Collected data entries

━━━━━━

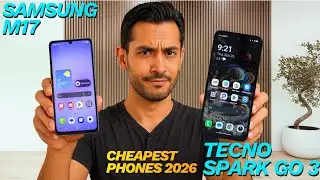 Tecno Spark Go 3 vs Samsung Galaxy M17 – Full Comparison 2026 📱🔥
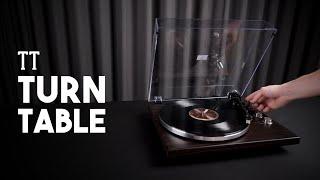 Argon Audio TT Turntable with Built-in RIAA  Unboxing & Setup DA DE EN FI FR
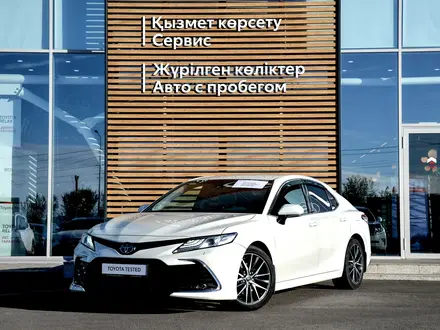 Toyota Camry 2021 года за 16 500 000 тг. в Тараз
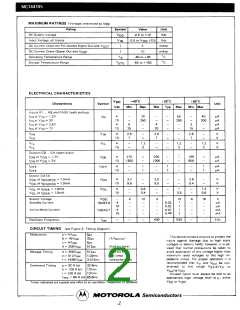浏览型号MC144105P的Datasheet PDF文件第2页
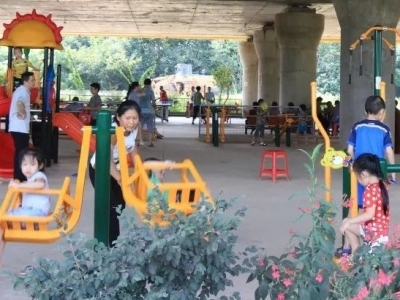 外滩公园部分区域开放！梅江区三龙村美丽乡村建设再发力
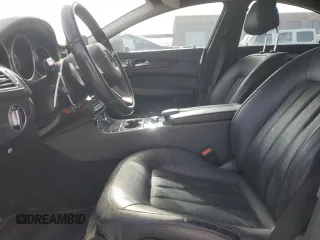 2016 Mercedes-Benz CLS 400 with VIN WDDLJ6FB8GA161891, listed as a Copart auction lot 87276124 with 93,133 mi miles and Salvage title. Bid and sale history available at DreamBid. Image 7.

━━━━━━

Only the records are wanted, copied exactly, with the pictures dropped.

- _WRITTEN ANSWER_
 Tecno Spark Go 3 vs Samsung Galaxy M17 – Full Comparison 2026 📱🔥
 Argon Audio TT Turntable with Built-in RIAA  Unboxing & Setup DA DE EN FI FR
 Toyota Camry 2021 года за 16 500 000 тг. в Тараз
浏览型号MC144105P的Datasheet PDF文件第2页
 外滩公园部分区域开放！梅江区三龙村美丽乡村建设再发力
 2016 Mercedes-Benz CLS 400 with VIN WDDLJ6FB8GA161891, listed as a Copart auction lot 87276124 with 93,133 mi miles and Salvage title. Bid and sale history available at DreamBid. Image 7.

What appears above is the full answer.